Como estamos muitas vezes “ignorantes”, dos nossos destinos... Sentimos-nos, às vezes senhores do “universo” e ele nos mostra de forma - sutil que somos “reféns”...

Mais uma vez, obrigada por quebrar o meu “modelo mental”, de que o ABORTO, só pode trazer a morte, mas que também pode trazer, ou preservar vidas!!!

Bjsss,

Bel

Penha Castro disse...

Que bom que voltou. Alìás, quase não voltava, Deus nos livre! Como sempre um texto gostoso e uma forma peculiar de enxergar os fatos.

Bem vinda.

beijoss

Vitória Régia disse...

Alice,

Que coisa! Imagino o pânico das pessoas ja apavoradas com tantos acidentes. Voce, como sempre, vendo as coisas ao seu jeito (risos). Parabéns pelo texto e pelo desfecho da quase tragédia.

Beijos

Sérgio Gomes disse...

Então vocês já estão de volta - e graças a Deus vivos, por conta de um aborto providencial, rsrsrsrs...Um beijo em você um abraço no Marquinho.

Mariana disse...

Bem vinda com vida! Menina, não temos segurança em lugar nenhum! Graças a Deus não era sua vez de partir. Já pensou, quem iria continuar escrevendo o VERSO&REVERSO? Só voce sabe escrever direto aos nossos corações.
Seu texto além de refletir o momento que passou refete, também, a pessoa que voce é.
bjss

Marco Rossini disse...

Voce, ao seu jeito, conseguiu captar os segundos de terror que só nos conscientizamos da gravidade, depois que passaram.
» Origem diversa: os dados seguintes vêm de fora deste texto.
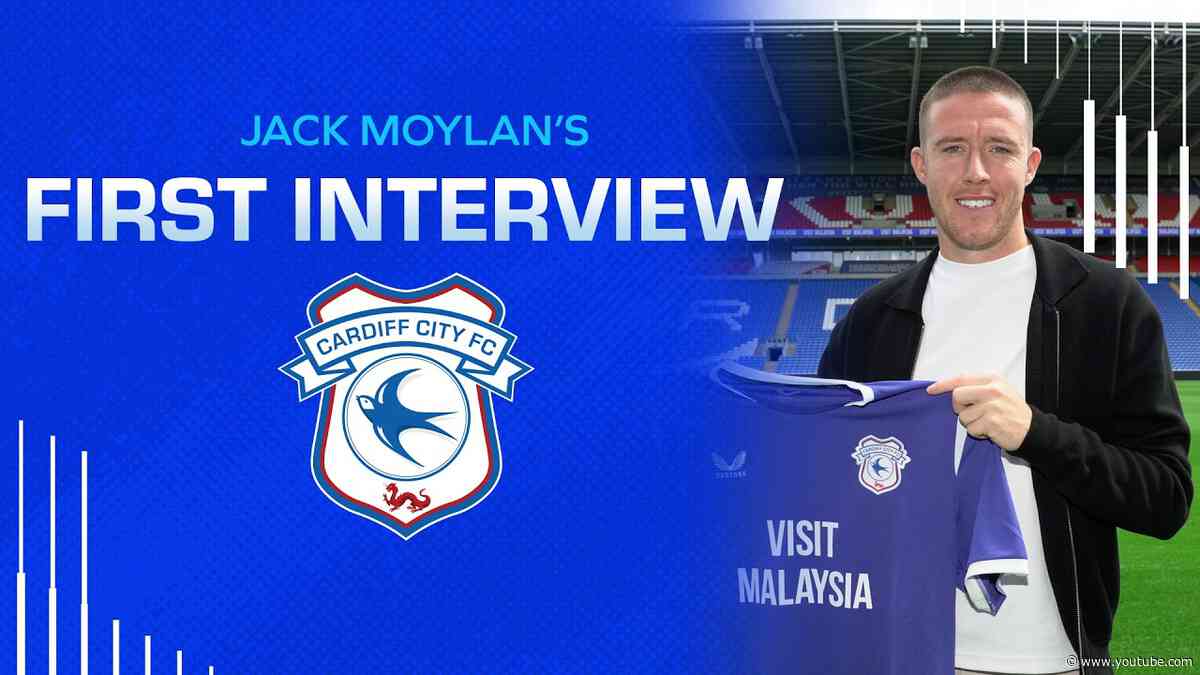 FIRST INTERVIEW | JACK MOYLAN IS A BLUEBIRD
Sua análise sobre o que sentem as vitimas de acidentes desta natureza está corretíssimaa, pois, a necessidade de explicações é muito forte e é o que menos temos.
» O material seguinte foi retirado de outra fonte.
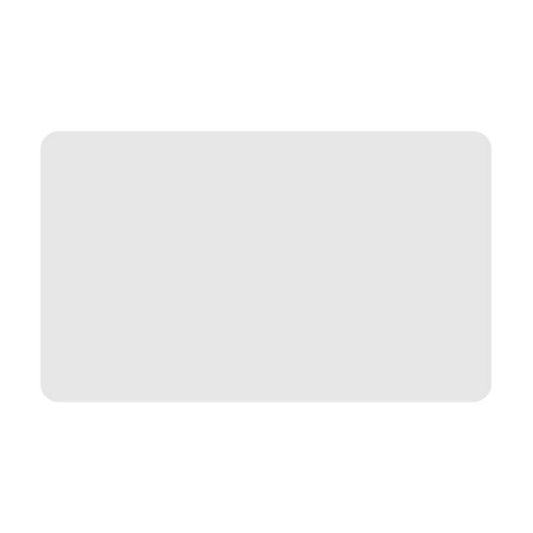 Thermal Labels Niimbot stickers 50x30 mm - 225 pcs Silver_0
Felizmente estávamos juntos e juntos revivemos.

Seu texto está ótimo.

Beijossssssssssssss

IZABEL disse...

Cunhado,
Que comentário LINDO!!! Demostra que vcs estão apaixonados!!!

Bjsss,

Bel

Eliane disse...

Amiga,

Felizmente, o destino tinha reservado dias maravilhosos nessa viagem que comecou com tamanho susto!!

Beijos
Eliane

LU disse...

Inspiradora reflexão em Antinha,acho que foi iluminada pelo "guia" , quem sabe?

bjs

LU

Anônimo disse...

QUE BOM QUE VOLTOU SÃ, SALVA, LINDA E SORRIDENTE.